### Records from a dataset

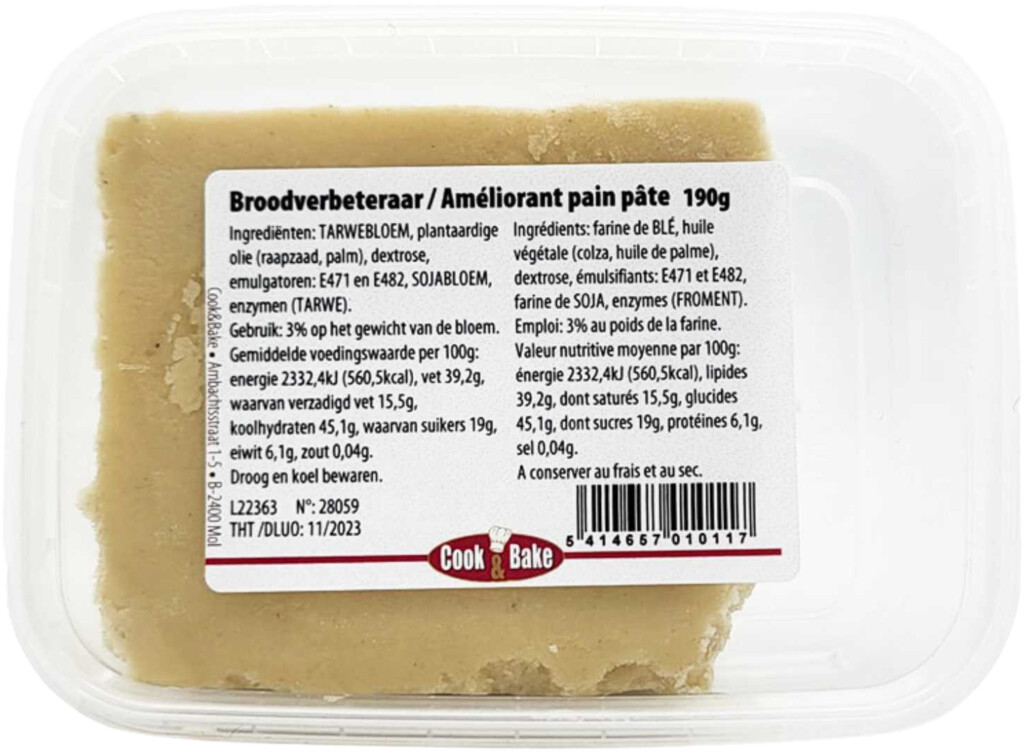 Broodverbeteraar 190g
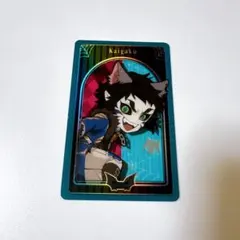 鬼滅の刃 ハロウィン 2025 獪岳 メタリックカード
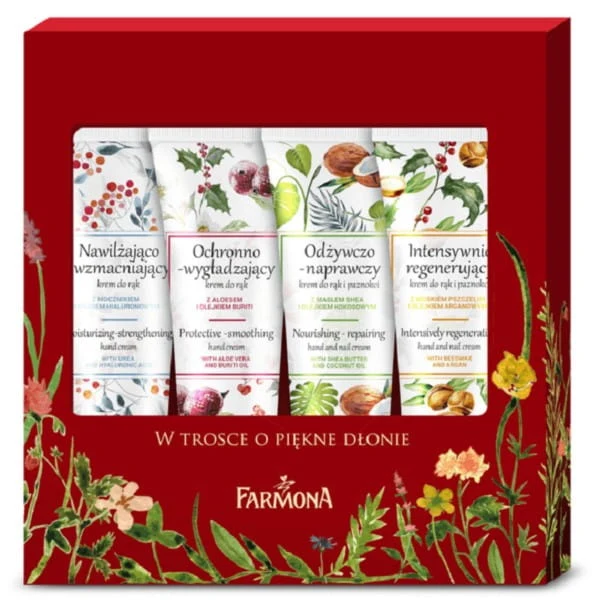 Farmona Käsivoide Sarja 4 X 50 ml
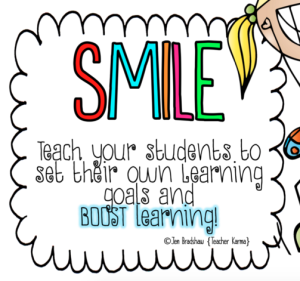 Put the ball in students' court by teaching and guiding them in setting their own learning goals. Their progress and sense of ownership will amaze them!
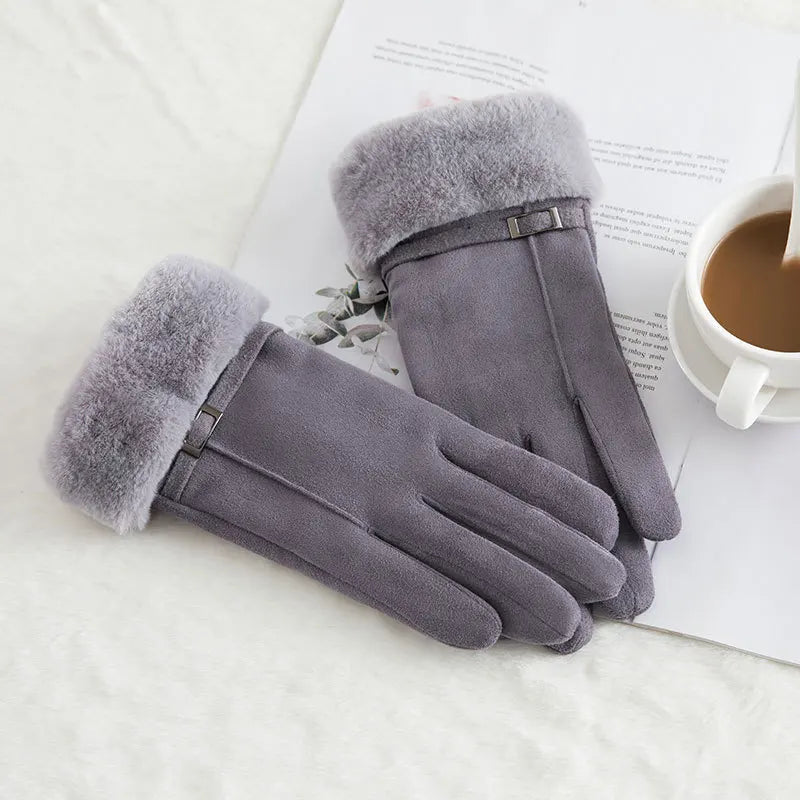 Damen Winterhandschuhe Warm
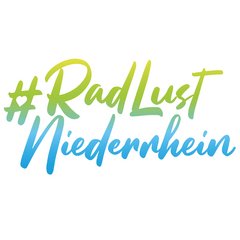 Logo der Tour #RadLustNiederrhein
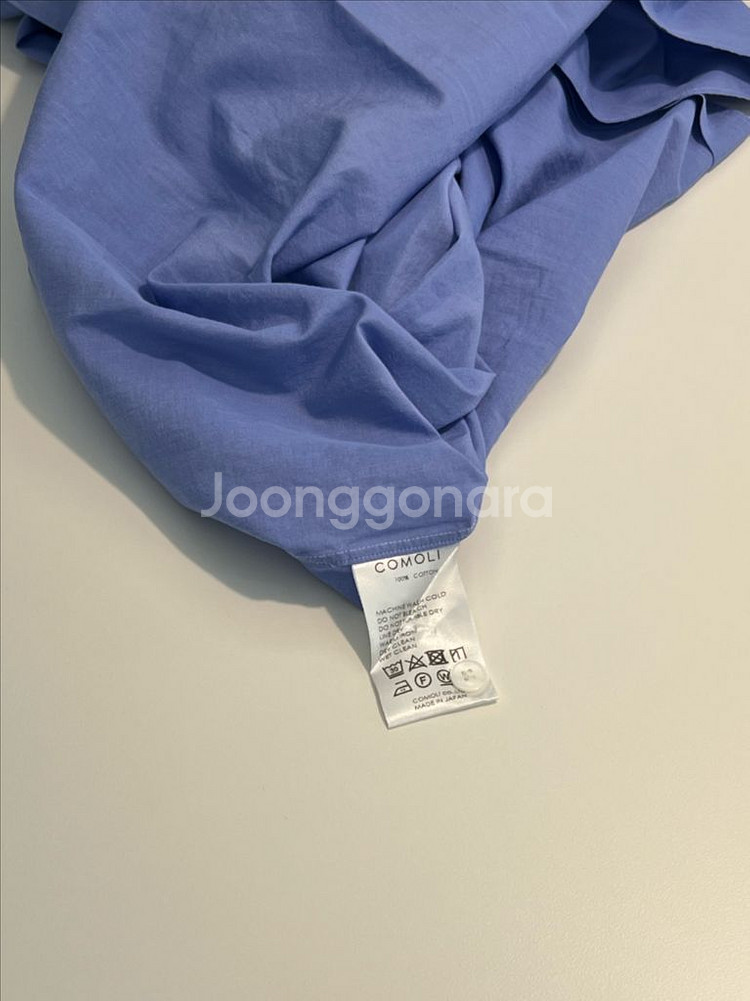 코모리 SAX 셔츠 3size--6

### Activity
Quote exactly, and only, the lines from the one containing "鬼滅の刃 ハロウィン 2025 獪岳 メタリックカード" through the last line of the records above, both included; leave out any pictures.

### Answer to this problem
 鬼滅の刃 ハロウィン 2025 獪岳 メタリックカード
 Farmona Käsivoide Sarja 4 X 50 ml
 Put the ball in students' court by teaching and guiding them in setting their own learning goals. Their progress and sense of ownership will amaze them!
 Damen Winterhandschuhe Warm
 Logo der Tour #RadLustNiederrhein
 코모리 SAX 셔츠 3size--6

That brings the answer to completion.